I'm somewhat shaken by this initially, but then I realize he's talking about my writing. He nods toward the thick Manila envelope I have placed on the table, a collection of work that I have brought along that I hope will impress and astound him, perhaps even shame him, into become my agent.
As I open up the envelope, David notices that I've got more than one proposal. "Why don't you do this," he tells me. "Just show me your top three book ideas."
I riffle through my pages and pull out three of the paper-clipped proposals, a couple of them probably twenty or so pages in length. I hand them over to David and sit idly by while he scans my work, his eyes sometimes brightening with the proposition of easy money.
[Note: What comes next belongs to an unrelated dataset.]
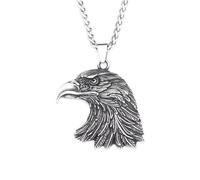 SDFXCDR mens necklace Gothic Vintage Eagle Head Pendant Necklaces For Men Women Fashion Punk Flag Statue of Liberty Jewelry Gifts teachers gifts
And me, I'm trying not to look too hickish. Oh, maybe I'm cleaning my ears with a car key, or biting my fingernails, but other than that, I'm just an average writer sitting in a darkened restaurant with an agent who looks like a GQ model.
David eventually settles into to reading the longest of the proposals I've brought along, a fifty-pager that I have entitled, All the Presidents' Deaths: The Fascinating Stories of Their Final Hours. It's a proposal that took me a year to create. A book that I would love to research and write about how each of the (dead) U.S. Presidents met their demise. I had already written the chapters from Washington to Madison, and then tossed Gerald Ford into the mix, too.
David glances at me from time to time and smiles. "This has a lot of promise," he tells me at one point.
I'm about to ask him a few questions when the waiter arrives with our food.